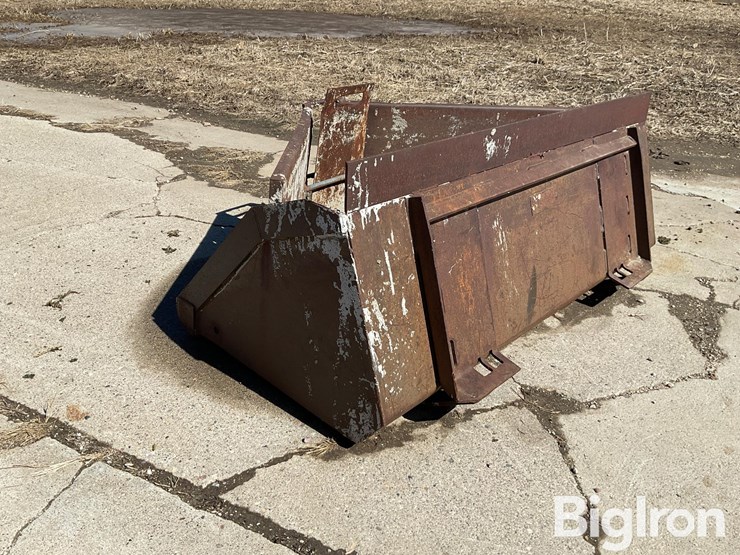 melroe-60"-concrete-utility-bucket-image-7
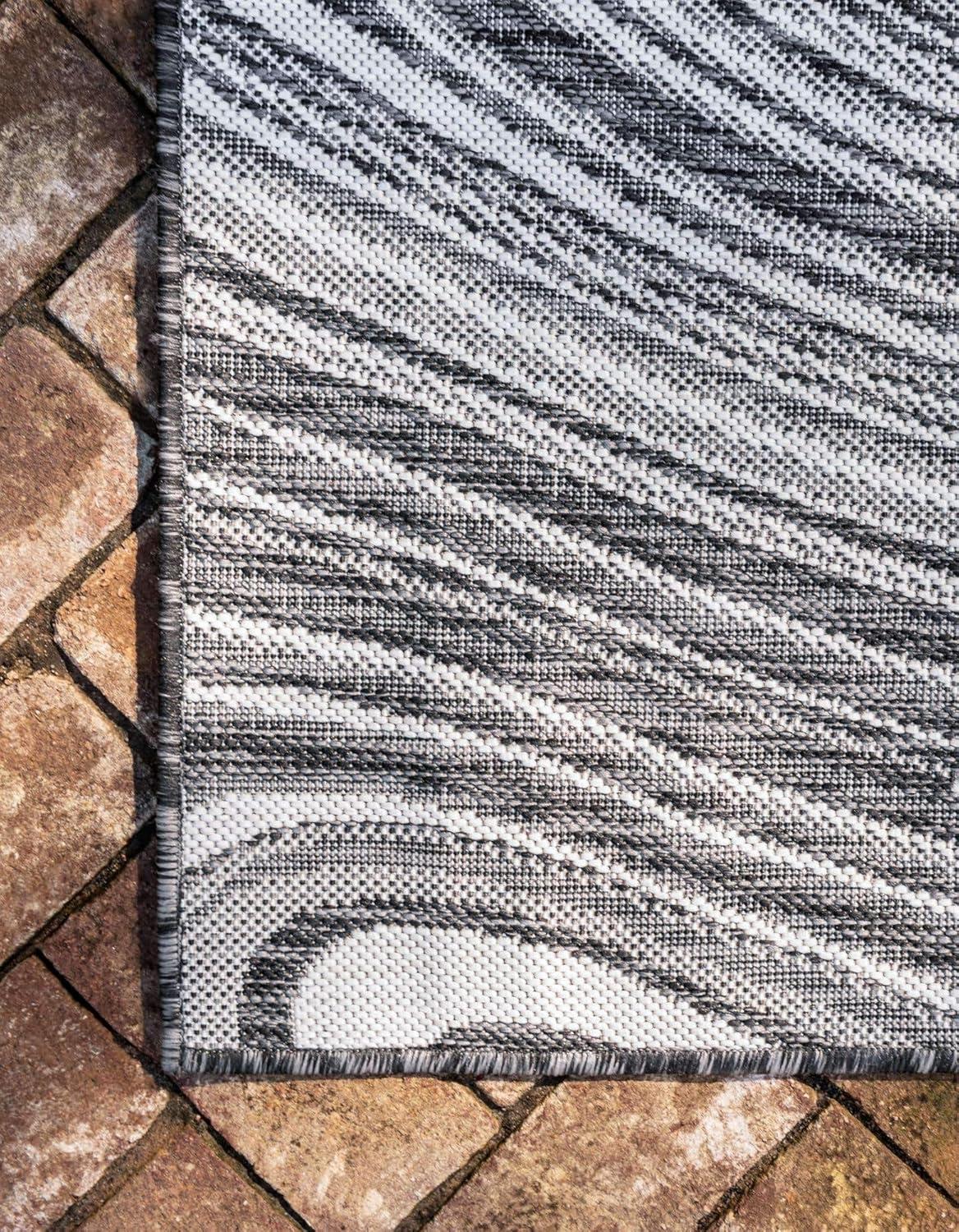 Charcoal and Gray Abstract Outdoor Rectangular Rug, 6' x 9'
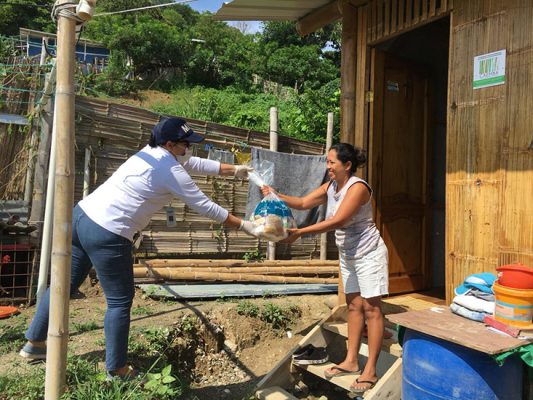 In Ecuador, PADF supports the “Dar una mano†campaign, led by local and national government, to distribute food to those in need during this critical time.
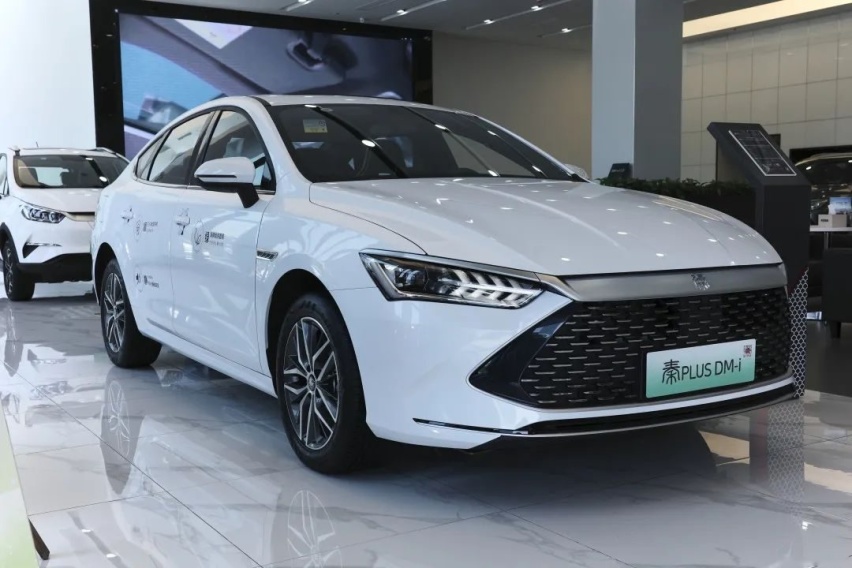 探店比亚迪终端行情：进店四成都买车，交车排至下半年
---
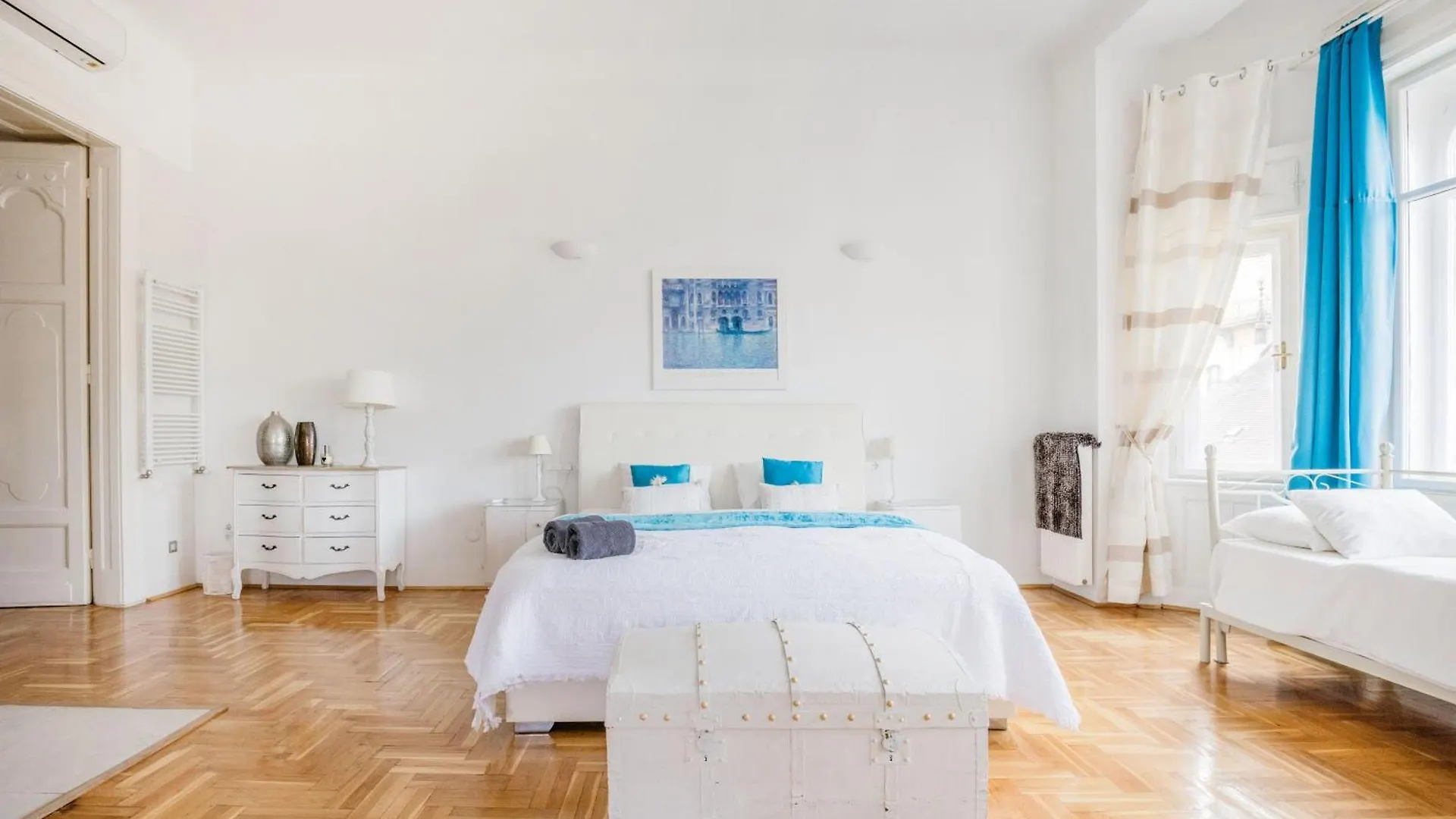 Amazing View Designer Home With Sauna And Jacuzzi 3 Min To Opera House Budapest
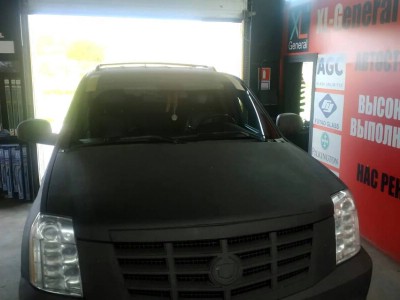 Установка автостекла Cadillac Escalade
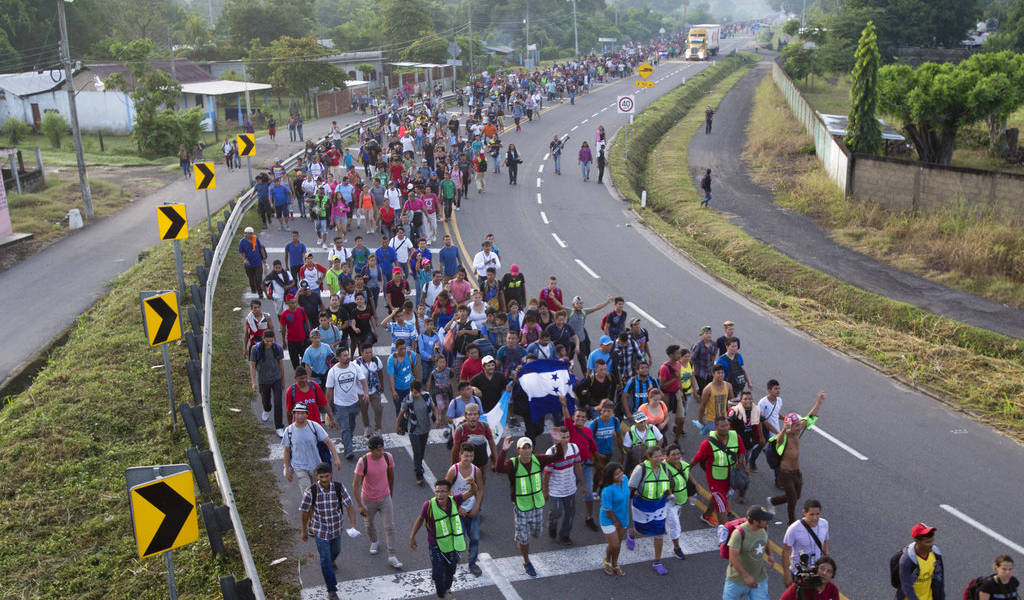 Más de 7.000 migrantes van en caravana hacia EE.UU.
...
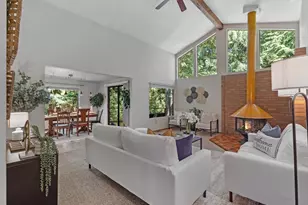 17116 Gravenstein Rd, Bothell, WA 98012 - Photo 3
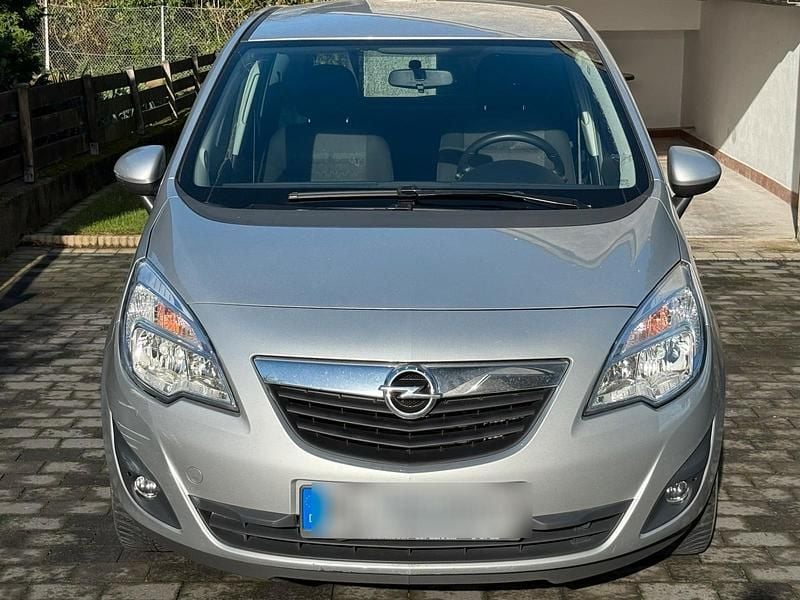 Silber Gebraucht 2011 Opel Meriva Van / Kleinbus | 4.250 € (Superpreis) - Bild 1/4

# [The problem]
What is needed is an exact copy of only the lines above from the one with "17116 Gravenstein Rd, Bothell, WA" to the one with "Silber Gebraucht 2011", both kept, with every picture left out.

# [Result of this task]
 17116 Gravenstein Rd, Bothell, WA 98012 - Photo 3
 Silber Gebraucht 2011 Opel Meriva Van / Kleinbus | 4.250 € (Superpreis) - Bild 1/4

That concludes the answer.